Jika anak-anak sering mendapatkan orang tuanya berbohong, akan dianggap biasa. Jangan heran, jika mereka akan meniru dan menggangap kebohongan sesuatu yang lumrah, ringan dan tanpa beban.
Anak jujur perlu dilatih sejak dini. Jika anak bersalah, biasakan mengakui kesalahannya, tidak berbohong. Orang tua juga tidak harus berbohong untuk menyenangkan anak, atau yang biasa terjadi, untuk menghentikan tangis anak dengan berbohong, menakuti-nakuti atau bahkan menjanjikan sesuatu padahal janji tersebut sekedar untuk menyenangkan dan menghentikan tangis tersebut.
Baca Juga: Menjadi Keluarga yang Harmonis
Kebiasaan-kebiasaan sederhana yang dianggap lumrah, jika terus-menerus akan menjadi kebiasaan anak. Merekapun berbohong tanpa dosa. Kecil, namun itulah awal kebohongan yang lebih besar, yaitu kebohongan kepada Allah, jalan yang mengantarkan ke neraka.
Dalam sebuah hadits Rasulullah ﷺ bersabda: ‘Sesungguhnya kejujuran itu dapat menunjukkan kepada kebaikan dan sesungguhnya kebaikan iu menunjukkan kepada surga. Sesungguhnya jika seseorang selalu melakukan kejujuran, maka dia akan menjadi orang yang jujur. Sesungguhnya kebohongan itu akan menunjukkan kepada kejahatan dan sesungguhnya kejahatan itu akan menunjukkan kepada neraka. Sesungguhnya jika seorang selalu melakukan kebohongan, maka dia akan dicatat disisi Allah sebagai seorang pembohong.’ (Muttafaqun ‘alaih).

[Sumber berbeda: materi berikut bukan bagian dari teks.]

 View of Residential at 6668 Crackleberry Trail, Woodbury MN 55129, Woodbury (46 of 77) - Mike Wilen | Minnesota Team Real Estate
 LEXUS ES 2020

Kisah Kejujuran Seorang Anak
Dalam buku Dalilus Sailin diceritakan tentang kisah kejujuran seorang anak. Seorang ibu mengutus anaknya yang baru berusia 13 tahun bersama satu kafilah dagang dari Makkah menuju Baghdad dengan menitipkan uang sebesar tiga ratus dinar agar diberikan kepada seorang kerabatnya. Sebelum berangkat, ibu tersebut berwasiat kepada anaknya untuk tidak berbohong dan senantiasa bertakwa kepada Allah.
Di tengah jalan, kafilah tersebut dihadang oleh perampok dan merampas seluruh harta miliknya, hingga pemimpin perampok mendekati anak tersebut dan bertanya, “Kamu mempunyai apa wahai anak kecil?”
Anak tersebut menjawab, “Saya memiliki tiga ratus dinar.”
Maka perampok tersebut kaget dan langsung mengambil seluruh uang milik anak tersebut. Lalu dihitungnya dan benar jumlahnya tiga ratus dinar. Lalu pemimpin perampok bertanya lagi, “Tahukan kamu, siapa saya? Mengapa kamu begitu jujur mengatakan?”
Anak tersebut menjawab, “Saya telah berjanji kepada ibu saya untuk tidak berdusta selamanya, dan saya takut mengkhianati janji ibu saya tersebut.”
Mendengar jawaban anak tersebut, pemimpin perampok tersebut ketakutan, dalam hatinya, jika kamu berjanji kepada ibunya untuk tidak berbohong saja kamu tepati, padahal saya telah berjanji kepada Allah untuk tidak mencuri selamanya. Sejak saat itulah perampok tersebut bertaubat kepada Allah. Ia kemudian menyuruh pengikutnya untuk mengembalikan barang yang dirampoknya.
Kisah di atas nampak sederhana, namun esensinya adalah kejujuran. Kejujuran akan mengantarkan seseorang mendapatkan hidayah Allah, meskipun perantaranya seorang anak. Jika anak-anak hari ini dibiasakan jujur, kelak mereka akan menjadi orang-orang besar. Orang yang takut kepada Allah, amanah dan menepati janjinya. Wallahu a’lam.